Kurt Cobain se matou. Isso não é romântico. Não é um momento fundamental da história do rock'n'roll. Não é charmoso, não é legal, não é engraçado e não vai mudar a vida de uma geração. É, pura e simplesmente, uma merda.
Você pode ser realista e dizer que era carta marcada. Que se não fosse por uma bala agora, ia ser por heroína amanhã. Ou até que Cobain ia se autodestruir com mais sutileza: tornando-se cada vez menos criativo e menos relevante. É comum, no rock e na vida.
Seria uma conclusão bem lógica se você tivesse entrevistado Kurt durante o Hollywood Rock de 91. Ele era magro e mirrado. Parecia sujo, parecia triste, e seus olhos estavam mortos. Uma vez ou outra durante os quarenta minutos que conversamos, parecia que tinha alguém vivo ali. Mas a impressão passava rápido.

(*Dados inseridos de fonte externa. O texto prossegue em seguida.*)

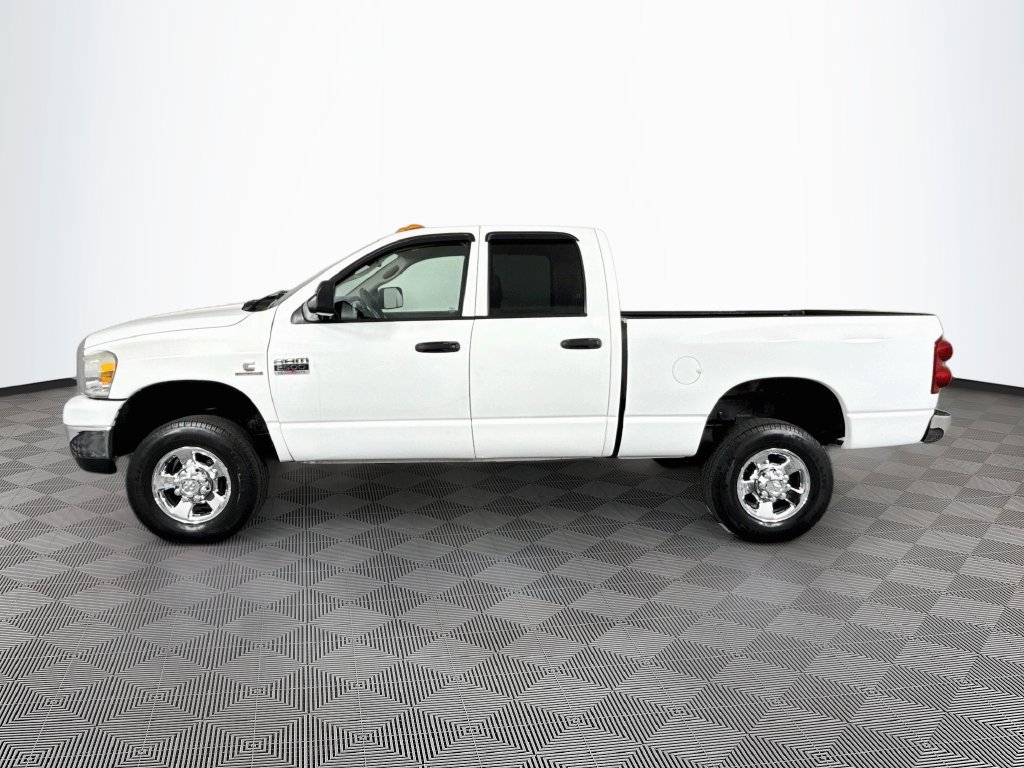 Used 2007 Dodge Ram 2500 Truck SLT AWD/4WD image 4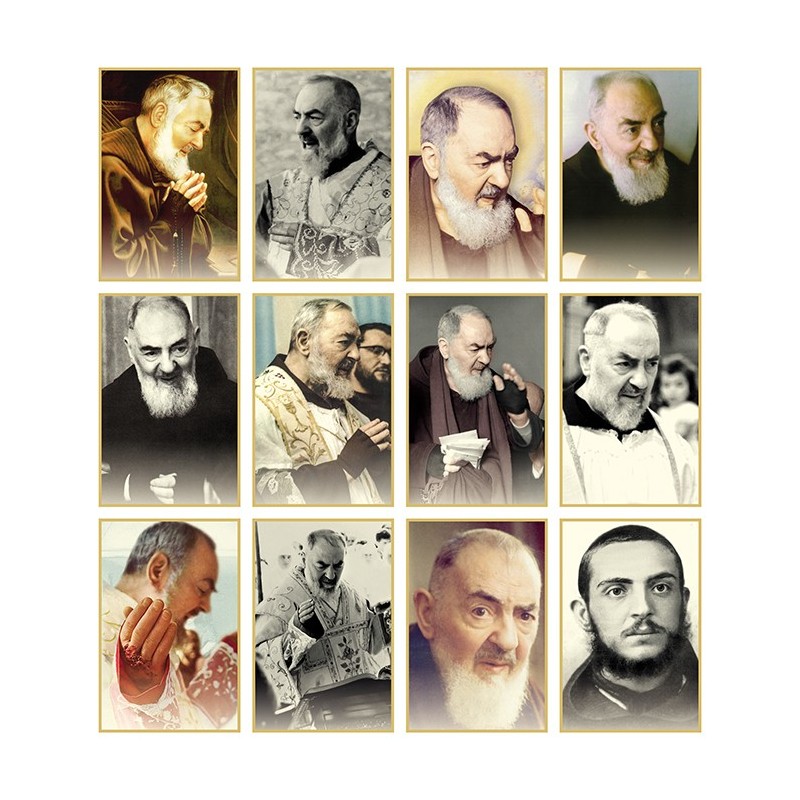 SAN PIO SAN PIO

Só que realismo não é "rocker". Rock é justamente sobre a possibilidade de mudar tudo. Mudar a si mesmo e mudar o mundo –viver perigosamente, no melhor sentido do termo. Quem morre perde tudo o que era e tudo o que viria a ser. Quem se mata faz isso de propósito.

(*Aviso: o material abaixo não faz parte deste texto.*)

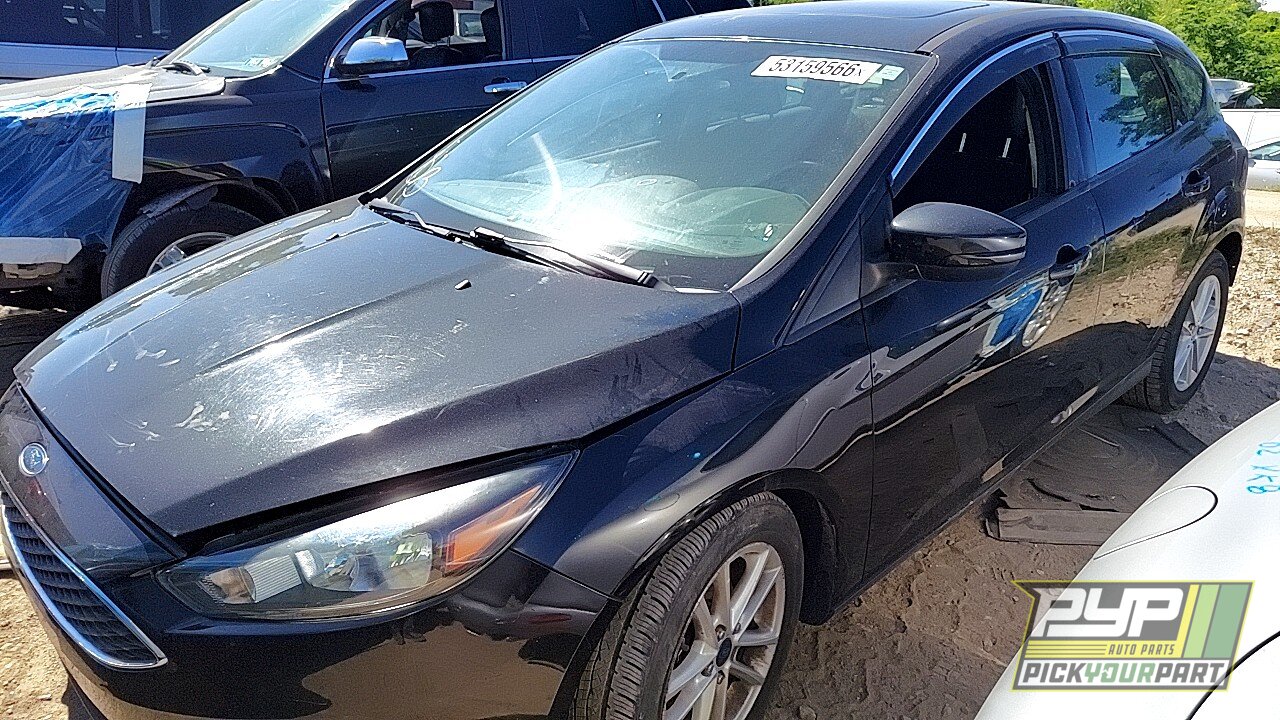 Photo of 2015 Ford Focus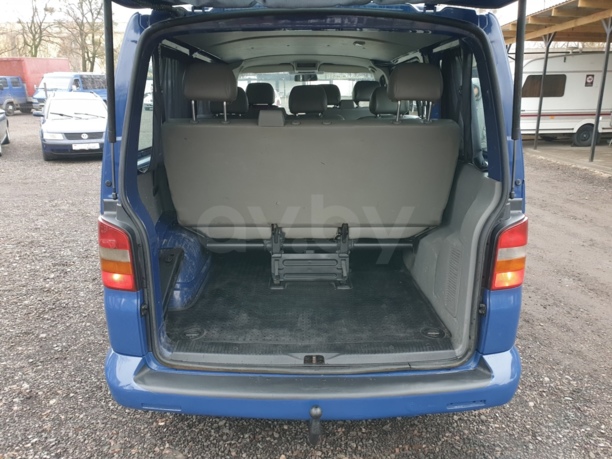 Volkswagen Transporter T5, 2004 г.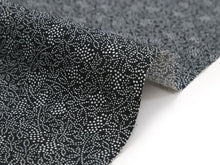 画像をギャラリービューアに読み込む, 着物 洗える着物 反物 レディース セミオーダー 仕立て付 XS S M L XL サイズ 袷 単衣 黒 南天 江戸小紋 市田ひろみ 好み レトロ 和装 和服 女性 小紋 送料無料 きもの 羽織 コート KZ ktふい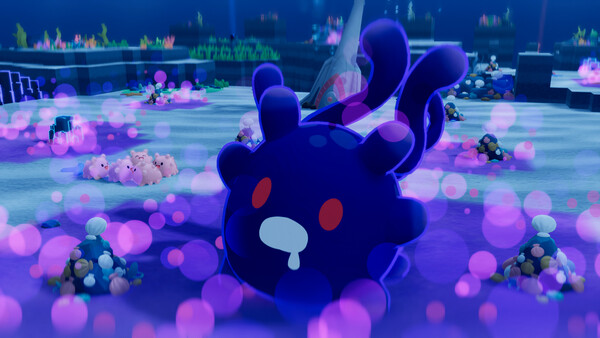 NAMAKORIUM (ナマコリウム)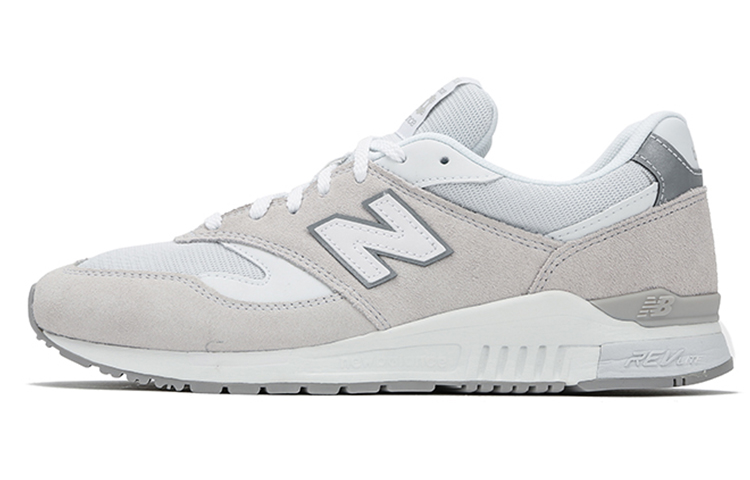 Мужские кроссовки New Balance 840 (бело-серые)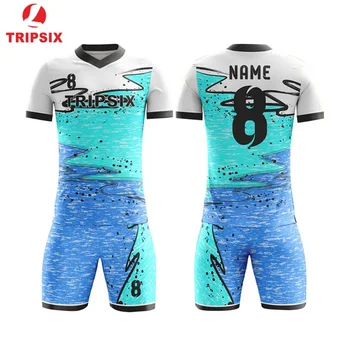 

All Over Print Football Shirt Maker Wholesale Custom Design Your Own Soccer Jerseys Football Shirt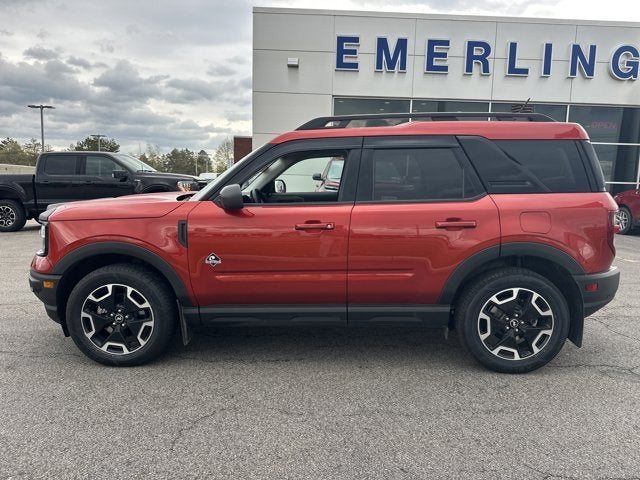 2023 Ford Bronco Sport Outer Banks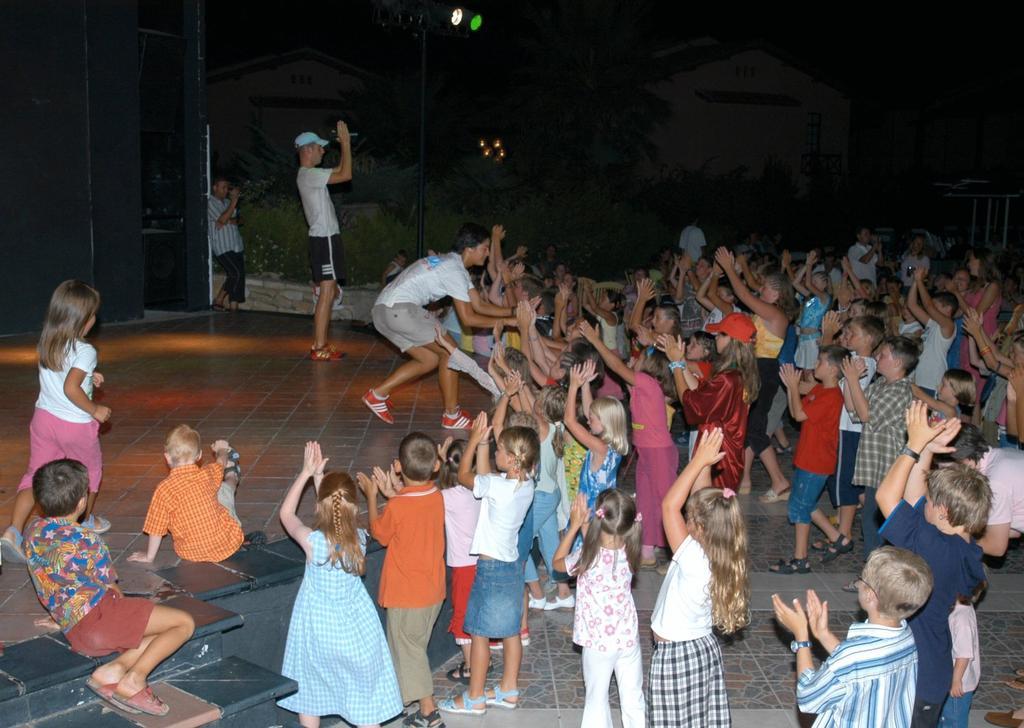 Attaleia Holiday Village Belek Exterior photo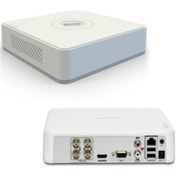 Resim Hikvision DS-7104HGHI-K1 DVR Kayıt Cihazı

E ninguém diga que Cobain não sabia o que estava fazendo quando deu um tiro na cabeça. O safado sabia exatamente no que ia dar sua atitude, chapado de heroína ou não. Ele estava "deixando a vida para entrar na história". Duvido que num microssegundo ele não tenha pensado, "agora vai ser Hendrix, Lennon, Morrison, eu e outros menos cotados".
Suicídio é sempre um momento de supremo egoísmo. Dessa vez foi, também, um ato de traição.
Porque é bem possível que Kurt Cobain já tivesse rendido tudo que tinha para render, mas isso não vem muito ao caso. Nem vem muito ao caso se o Nirvana era uma grande banda ou não, se foi por causa deles que que o rock alternativo explodiu ou não, se Cobain era realmente um cara telentoso ou só mais um moleque caipira com uma guitarra. Enfim, nem vem muito ao caso pensar na filha que nunca vai conhecer o pai, na família, nos companheiros de banda e tudo.
Fico só pensando nos garotos em que Kurt não pensou quando se matou. Nos milhares de garotos pelo mundo inteiro que pegaram na guitarra e caíram na estrada e na vida por causa de "Smells Like Teen Spirit". Nos garotos que nunca mais vão ouvir um disco novo do Nirvana.